## [EXERCISE BRIEF]
Everything below from the line with "Image 13 of 16 of a 1972 CHEVROLET C10" through the line with "Emiliano Serantoni" must be retyped exactly, except the pictures.

## [RECORDS SHOWN]

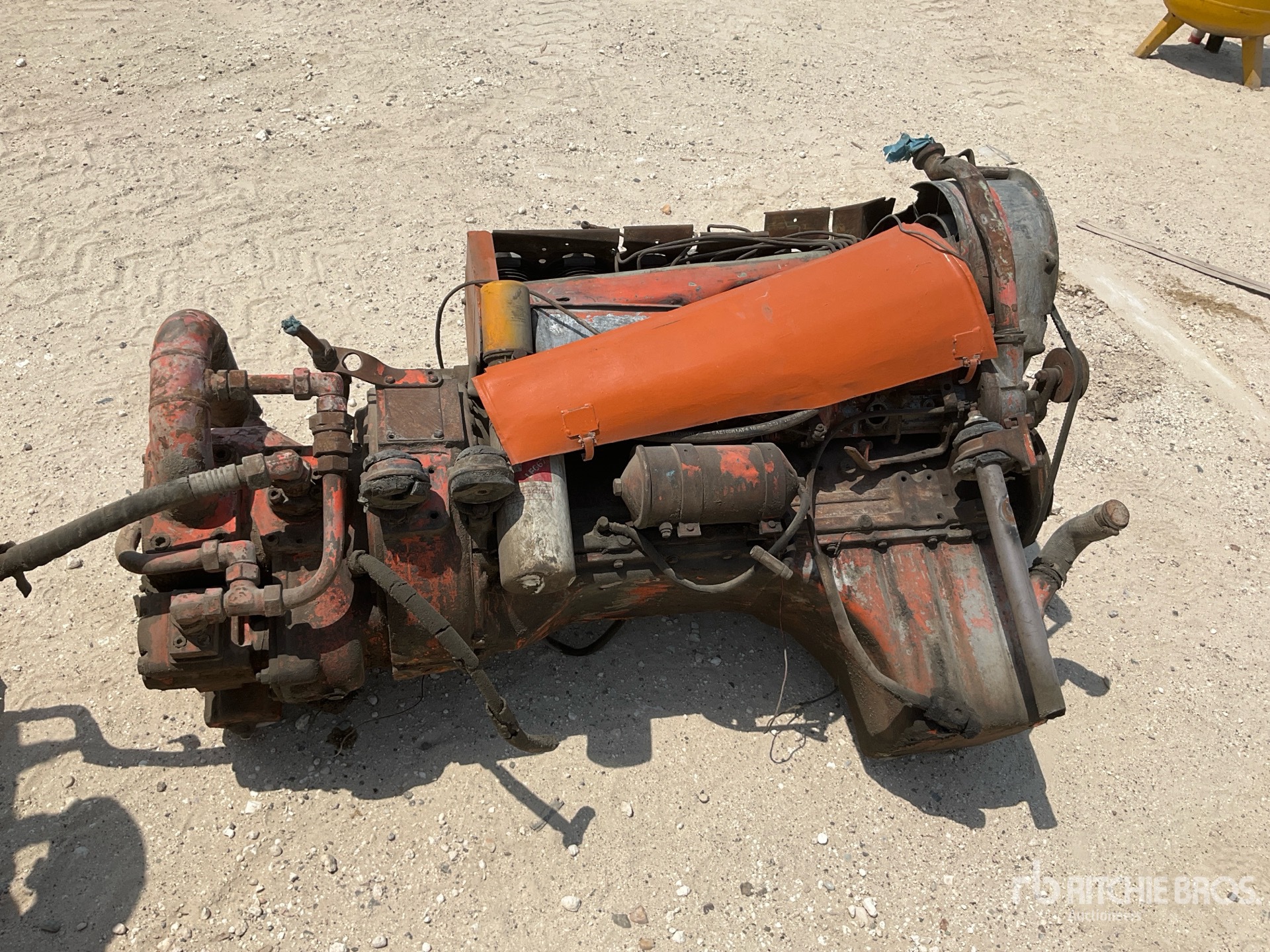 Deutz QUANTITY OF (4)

==

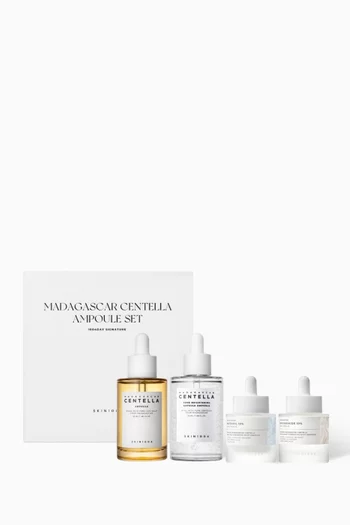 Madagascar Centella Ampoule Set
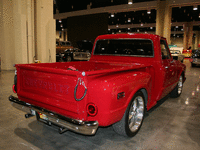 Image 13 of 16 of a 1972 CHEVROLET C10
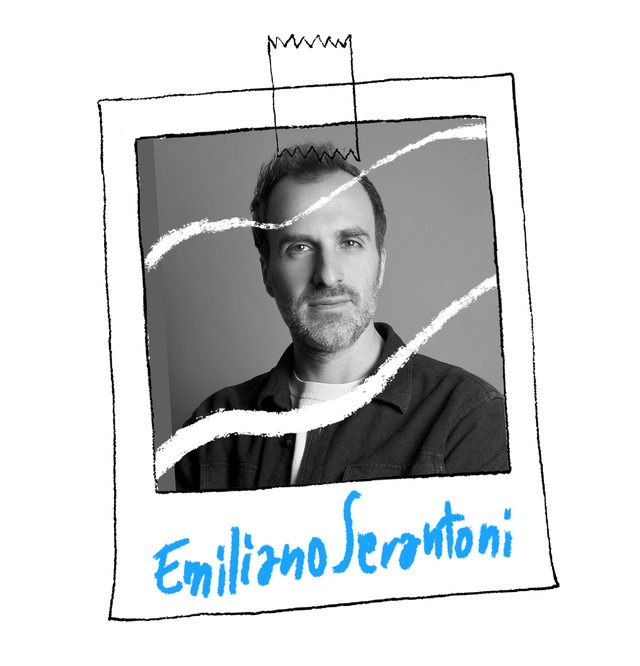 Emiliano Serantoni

...

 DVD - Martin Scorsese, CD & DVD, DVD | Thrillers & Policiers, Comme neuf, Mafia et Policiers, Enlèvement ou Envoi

## [WRITTEN RESPONSE]
 Image 13 of 16 of a 1972 CHEVROLET C10
 Emiliano Serantoni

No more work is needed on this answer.